Happy Valley

Happyvalley

Movie review by Greg Carlson

While there is an abundance of hero worship on display in Amir Bar-Lev’s raw and riveting documentary “Happy Valley,” the most courageous figure to emerge from the wreckage and devastation caused by the Jerry Sandusky case at Penn State is Sandusky’s adopted son Matt. For any number of possible reasons, Matt is the only person victimized by Jerry Sandusky to appear in the movie, and each time he speaks, Bar-Lev refocuses attention on the grim truth: the lives of many children and families were shattered by the monstrous actions of a serial child molester. In 2012, Sandusky was found guilty of 45 counts of sexual abuse of young boys and was subsequently sentenced to 30 to 60 years in prison for his crimes.

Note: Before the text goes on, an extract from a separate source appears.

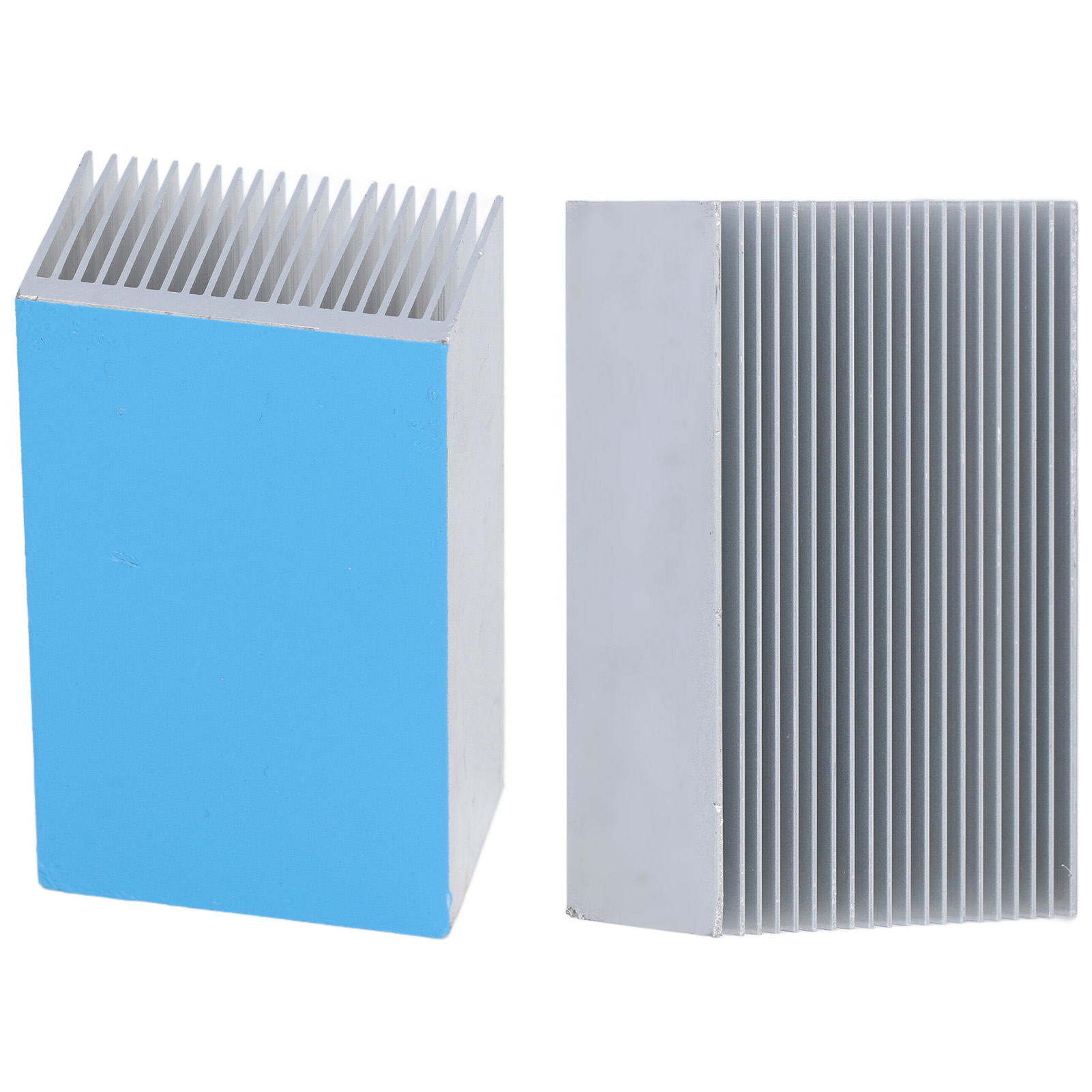 2x Electronic Radiators Fast Anti Oxidation Practicable Extruded Heat Sink For♡ - Afbeelding 12 van 17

“Happy Valley,” however, is not a movie that digs into the specifics of the criminal proceedings leveled at Sandusky. Instead, Bar-Lev uses the case as an inciting incident to examine the ways in which a variety of communities with competing interests and investments come together and are torn apart. The movie does make an argument that the passionate football fans of the Nittany Lions showed in their desire to exonerate venerated football coach Joe Paterno a stunning lack of perspective regarding Sandusky’s victims, but that viewpoint may not be emphatic enough.

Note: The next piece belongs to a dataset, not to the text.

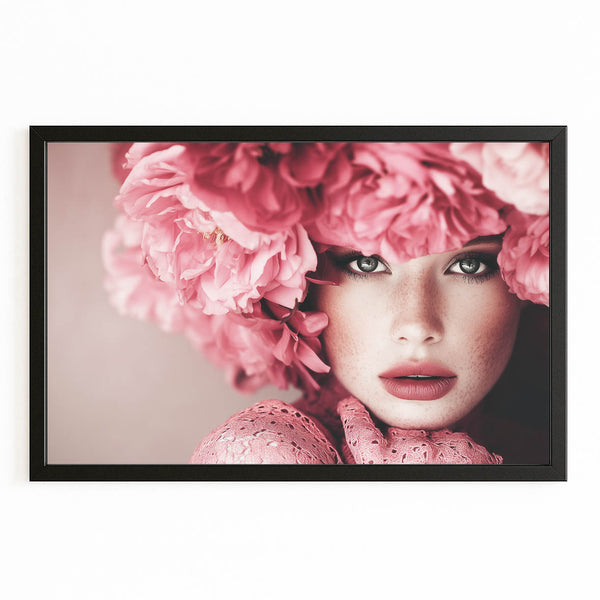 Pink Photography Wall Art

Bar-Lev recognizes the challenges of addressing the relationship between Paterno and retired assistant coach Sandusky, and while the filmmaker shows old footage of an interview in which both men appear, the suggestion that Paterno was indifferent to — or even disliked — Sandusky precedes the questions of how much Paterno knew and for how long. “Happy Valley” spends significant time with Paterno’s wife Suzanne and two of their children, sons Jay and Scott, and while the film aspires to a kind of journalistic objectivity, Paterno is treated with respect, if not kid gloves, by the filmmaker.

While Paterno’s legacy emerges as one of the movie’s central themes, Bar-Lev juggles a head-spinning number of fascinating subplots and side trips, each of which could sustain a film. These topics are naturally interrelated, from the perceived severity/lack of severity of the NCAA sanctions to the unruly crowds that blame the media for hastening Paterno’s exit and physical decline. Only brief mention is made of the ouster of Penn State president Graham Spanier, senior vice president for finance and business Gary Schultz, and athletic director Tim Curley, possibly due to the ongoing and still unfolding events (something that prevents the document from achieving a full sense of closure).

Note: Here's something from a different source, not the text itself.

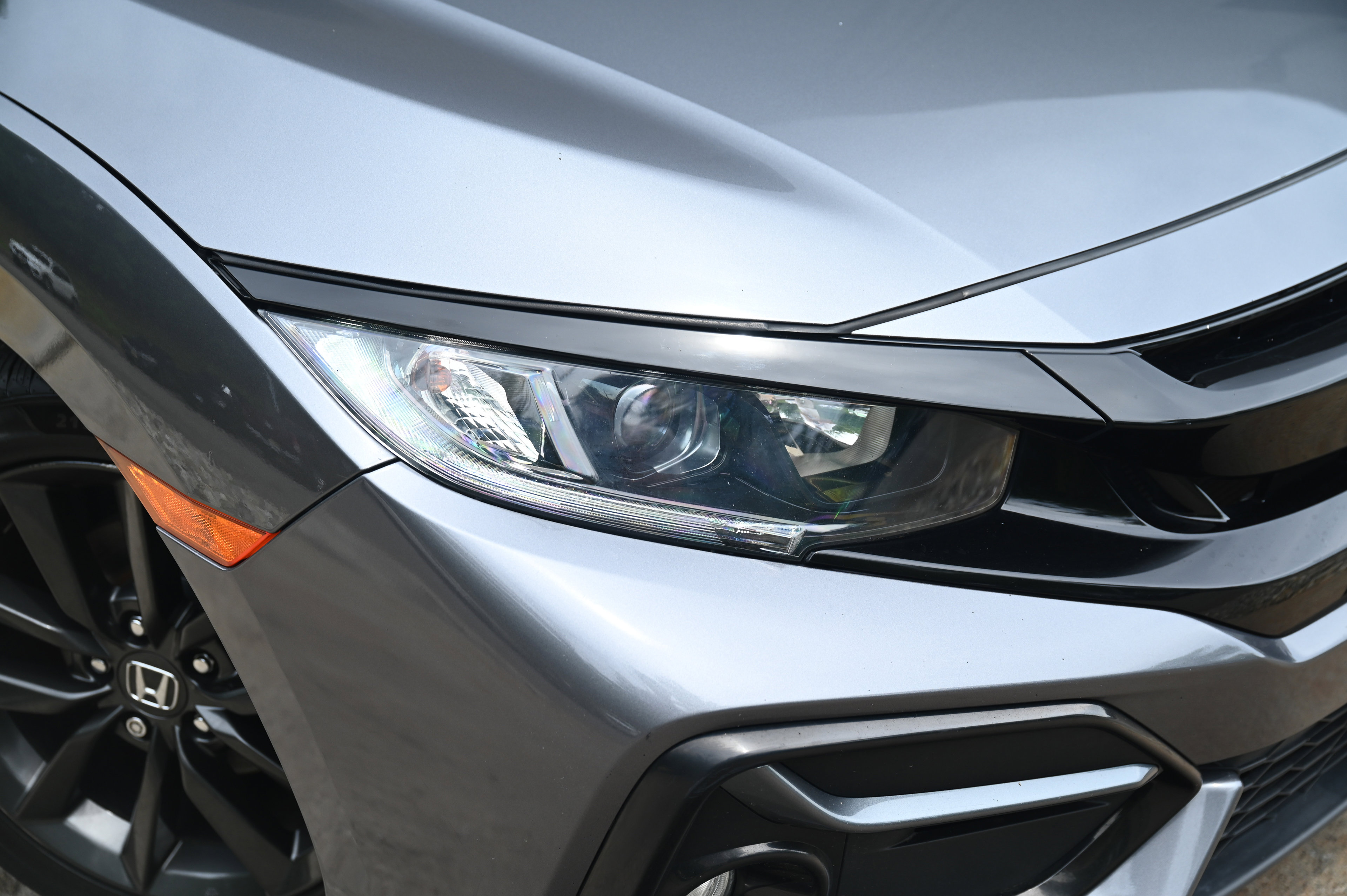 2020 Honda Civic Hatchback EX-L photo 4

One of the film’s most intense sequences takes place outside Beaver Stadium at the site of Angelo Di Maria’s bronze statue of Joe Paterno, where a man holding a small hand-written sign that reads “Paterno, the Cover-Up Artist! Paterno, the Liar! Paterno, the Pedophile Enabler!” verbally and physically clashes with several angry people. During the intensely uncomfortable confrontations, Bar-Lev cuts to the sky, where a plane pulls a banner stating “Take the statue down or we will.” The chaotic scene, complete with finger pointing and heated arguments, captures the bizarre culture that develops when something as sacred as big-budget collegiate football is challenged. The statue, of course, was removed and placed into storage, but plans by alumni acting independently from the university are underway to unveil a new statue of Paterno, a few miles from the stadium, in November of 2015.